EXERCISE GOAL:
When you copy the entries, keep every word exactly as it is and drop the images.

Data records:
▼
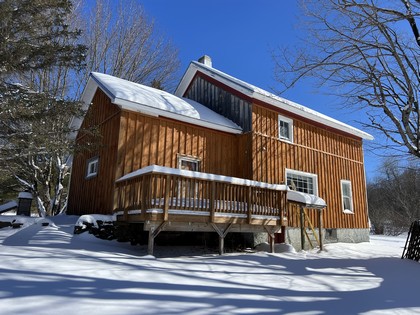 Upstate NY farmhouse and land for sale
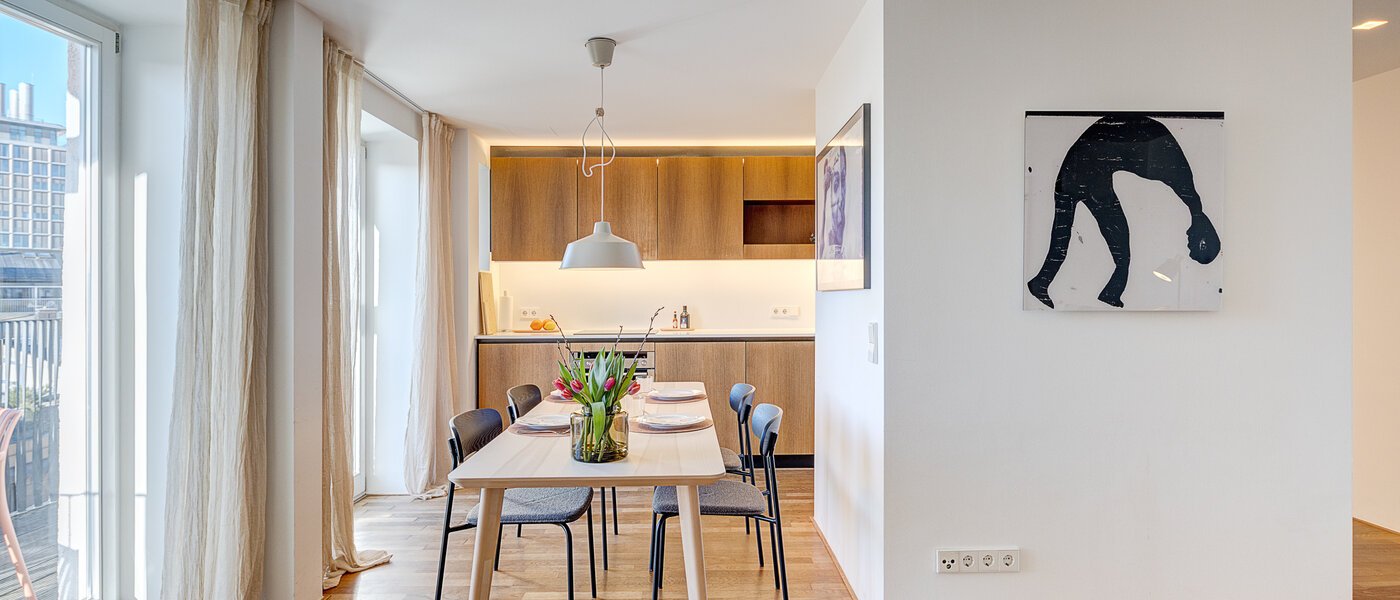 マンション München Gärtnerplatzviertel 01 キッチン 14724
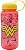 Garrafa Plástica Squeeze Wonder Woman Logo Vermelho - 600ML - Imagem 1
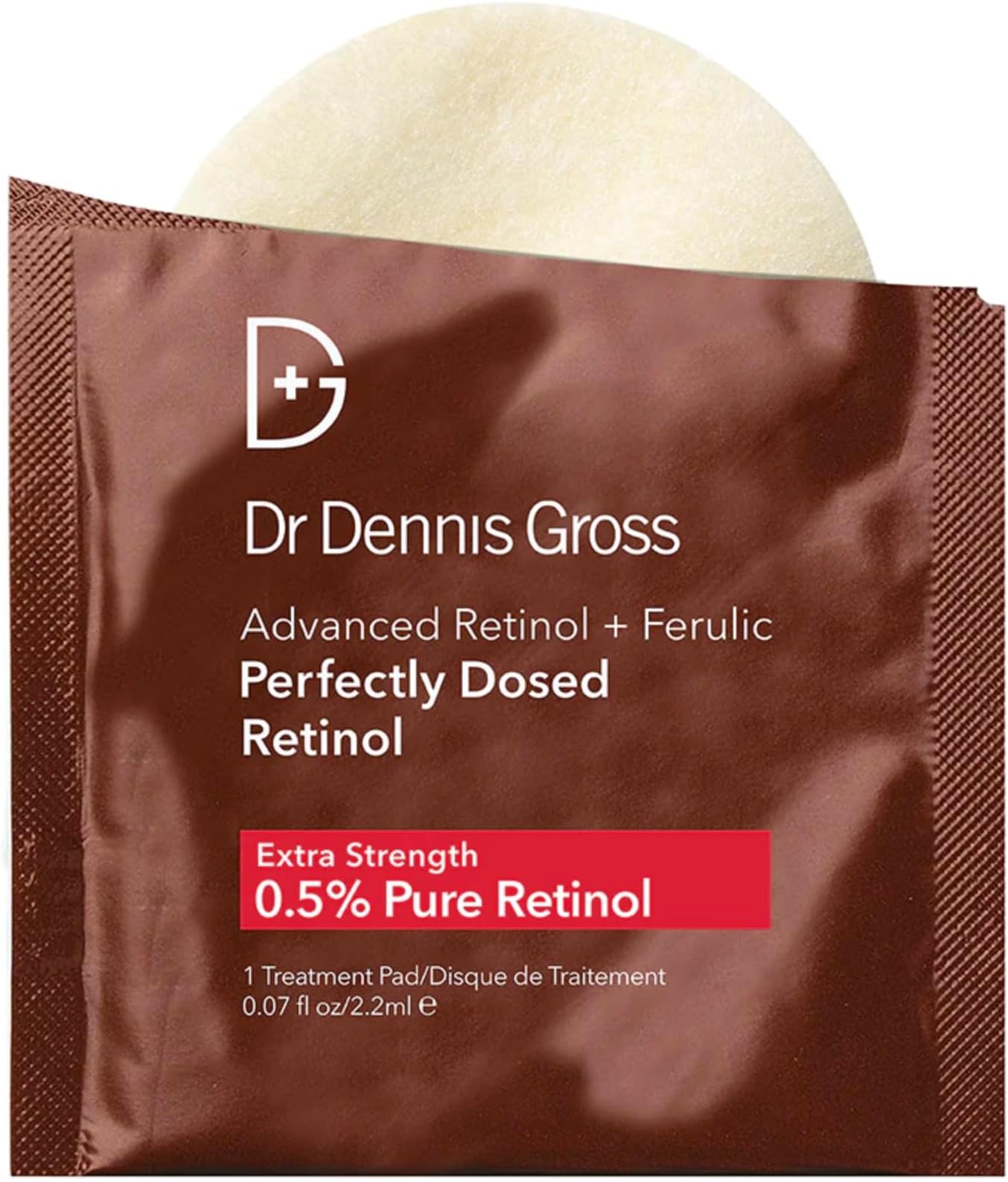 Advanced Retinol + Ferulic Perfectly Dosed Treatment (Extra Strength 0.5%), 8 Pack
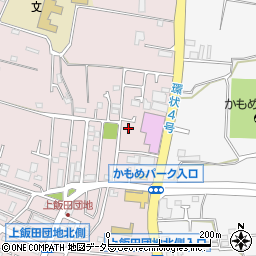 神奈川県横浜市泉区上飯田町2137-47周辺の地図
▲
SOLUTION TO THE EXERCISE:
 Upstate NY farmhouse and land for sale
 マンション München Gärtnerplatzviertel 01 キッチン 14724
 Garrafa Plástica Squeeze Wonder Woman Logo Vermelho - 600ML - Imagem 1
 Advanced Retinol + Ferulic Perfectly Dosed Treatment (Extra Strength 0.5%), 8 Pack
 神奈川県横浜市泉区上飯田町2137-47周辺の地図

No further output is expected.